### EXTRACTED MATERIAL
-=-=-=-=-

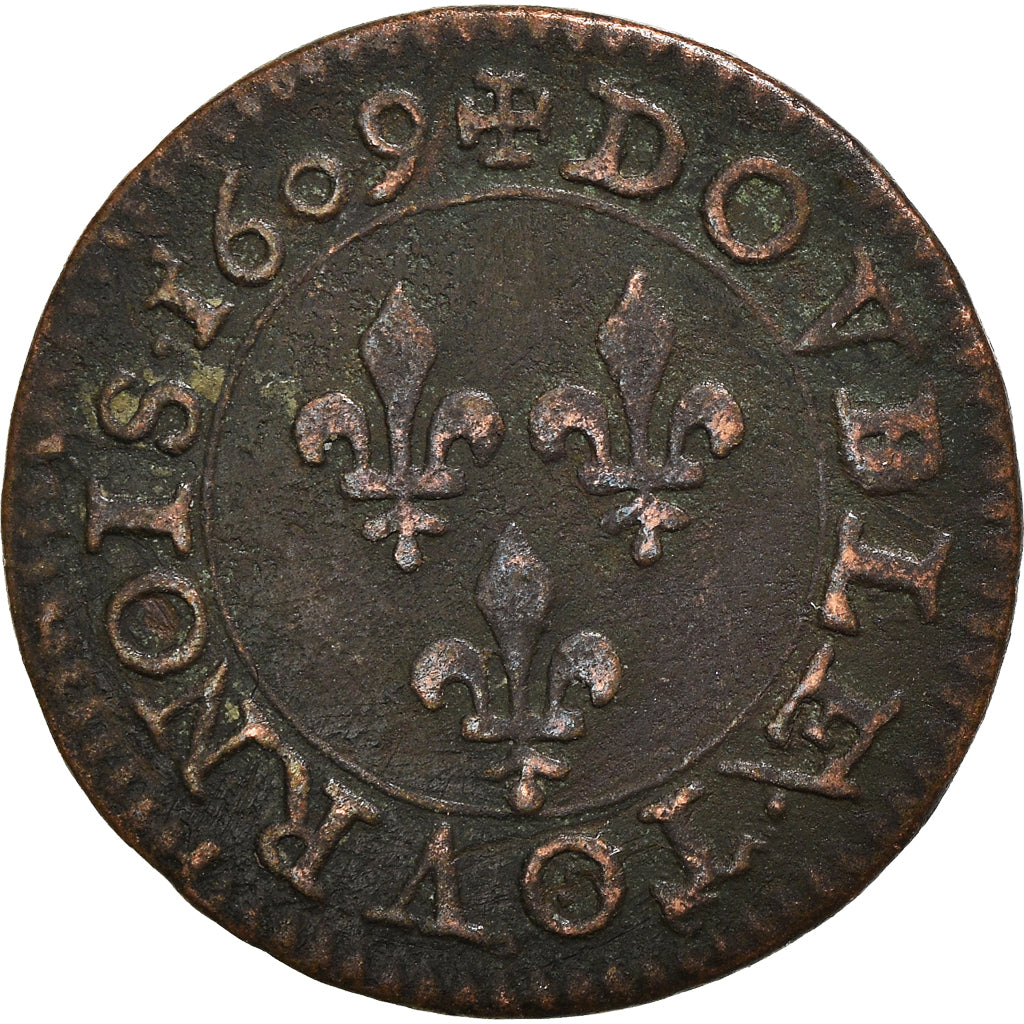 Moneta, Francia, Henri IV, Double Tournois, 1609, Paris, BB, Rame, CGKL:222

-=-=-=-=-

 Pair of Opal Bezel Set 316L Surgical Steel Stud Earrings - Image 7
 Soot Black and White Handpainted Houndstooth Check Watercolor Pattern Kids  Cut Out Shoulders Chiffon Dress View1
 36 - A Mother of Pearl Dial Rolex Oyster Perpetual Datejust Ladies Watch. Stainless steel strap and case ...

-=-=-=-=-

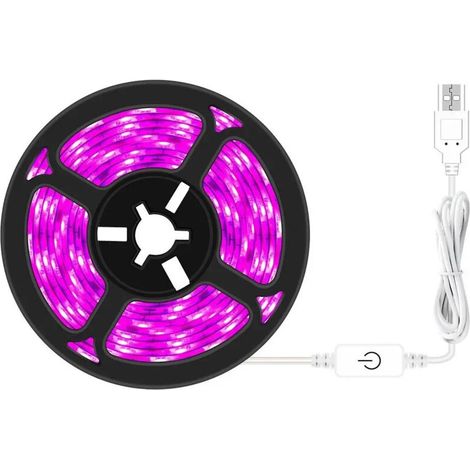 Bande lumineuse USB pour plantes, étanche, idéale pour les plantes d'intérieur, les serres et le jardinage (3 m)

-=-=-=-=-

Please, from the material above, copy only the lines from the line with "Pair of Opal" up to and including the line with "36 - A Mother", exactly as written.

 Pair of Opal Bezel Set 316L Surgical Steel Stud Earrings - Image 7
 Soot Black and White Handpainted Houndstooth Check Watercolor Pattern Kids  Cut Out Shoulders Chiffon Dress View1
 36 - A Mother of Pearl Dial Rolex Oyster Perpetual Datejust Ladies Watch. Stainless steel strap and case ...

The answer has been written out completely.